Birleşmiş Milletler'de yaşananlar, insan hakları savunucularını gözyaşlarına boğdu. Kimileri için bu, on yıllardır süren mücadelenin meyvesiydi. "Artık kimse 'duymadık' diyemeyecek" diye fısıldıyordu bir diplomat, salonun loş koridorlarında.
Tarihi An: Oylama Sonucu Şaşırttı
Sandıklar açıldığında, beklenenin ötesinde bir sonuçla karşılaşıldı. 120'ye yakın ülke, İsrail'i kınayan karara 'evet' dedi. Peki ya ABD? Her zamanki gibi yalnız kaldılar - tıpkı bir çocuğun inatlaşması gibi, gerçekleri görmeyi reddederek.
Oylama sonrası salondaki atmosfer tarifsizdi. Bazı delegeler birbirine sarılırken, diğerleri bu anı ölümsüzleştirmek için telefonlarına sarıldı. "Bu gece uyuyamayacağım" diyordu bir Afrika delegesi, gözlerindeki parıltıyla.
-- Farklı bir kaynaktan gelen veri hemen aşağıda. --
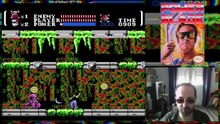 Gameplay 1 Life  Power BladeNintendo NES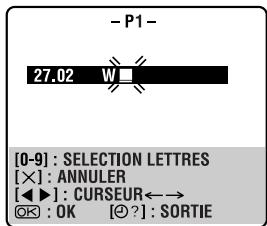 JVC HR-S9850MS - Saisir le titre de programme. - 1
Arka Planda Neler Yaşandı?
- Son 72 saatte yoğun diplomatik trafik yaşandı
- En az 15 ülke son dakikada pozisyon değiştirdi
- İsrail heyeti, oylama öncesi son bir hamle yapmaya çalıştı ama nafile
Uzmanlara göre bu karar, uluslararası hukukta bir dönüm noktası. "Artık hiçbir şey eskisi gibi olmayacak" diye ekliyorlar. Peki ya sizce? Bu karar gerçekten bir şeyleri değiştirebilecek mi?
Ortadoğu'da barış için umutlar yeniden canlanırken, insanlık tarihine not düşüldü: Vicdan, her zaman en güçlü silahtır.